Thoughts on Technology, Product, & Strategy

Month: April 2016

Containing incestuousness

Having droned on a little the other day about duplication in Stackanetes (in hindsight, I had intended to make a “it’s turtles all the way down” type jibe), I’ve been delighted to read lots of other people spouting the same opinion – nothing quite so gratifying as confirmation bias.

Massimo has it absolutely right when he describes container scheduling as an incestuous orgy (actually, he didn’t, I just did, but I think that was roughly his point). What is most specifically obvious is the fact that while there is a lot of duplication, there isn’t much agreement about the hierarchy of abstraction: a number of projects have started laying claim to be the lowest level above containers.

It comes back to this; deploying PaaS (such as Cloudfoundry, which I try to hard to like but seems to end up disappointing) is still way too hard. Even deploying IaaS is too hard – the OpenStack distros are still a complete mess. But while the higher level abstractions are fighting it out for attention, the people writing tools at a lower level are busy making little incremental improvements and trying to subsume new functionality – witness Docker Swarm – they’re spreading out horizontally instead of doing one thing well and creating a platform.

I don’t think it’s going to take five years to sort out, but I also don’t think the winner is playing the game yet. Someone is going to come along and make this stuff simple, and they’re going to spread like wildfire when they do it.

Stackanetes

There’s a great demo from the recent OpenStack Summit (wish I had been there):

OpenStack is a known massive pain to get up and running, and having it in a reasonable set of containers that might be used to deploy it by default is really interesting to see. This is available in Quay as Stackanetes, which is a pretty awful name (as is Stackenetes, and Stackernetes, both of which were googlewhacks earlier today) for some great work.

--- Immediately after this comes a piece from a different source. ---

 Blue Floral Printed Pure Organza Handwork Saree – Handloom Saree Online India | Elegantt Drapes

I’m entirely convinced that I would never actually run anything like this in production for most conceivable workloads because there’s so much duplication going on, but for those people with a specific need to make AWS-like capability available as a service within their organisation (who are you people?!) this makes a lot of sense.

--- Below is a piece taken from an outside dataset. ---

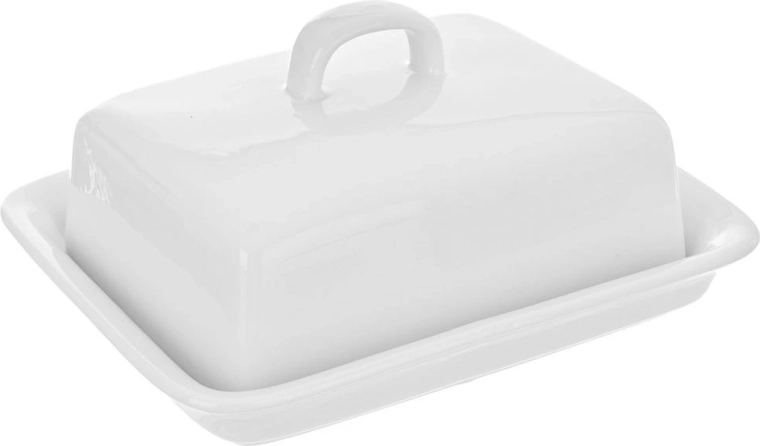 White ceramic butter dish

I can’t help but feel there is a large amount of simplification in this space coming, though. While “Google for everyone else” is an interesting challenge, the truth is that everyone else is nothing like Google, and most challenges people face are actually relatively mundane:

  • how do I persist storage across physical hosts in a way that is relatively ACID?
  • how do I start resilient applications and distribute their configuration appropriately?
  • how do I implement my various ongoing administrative processes?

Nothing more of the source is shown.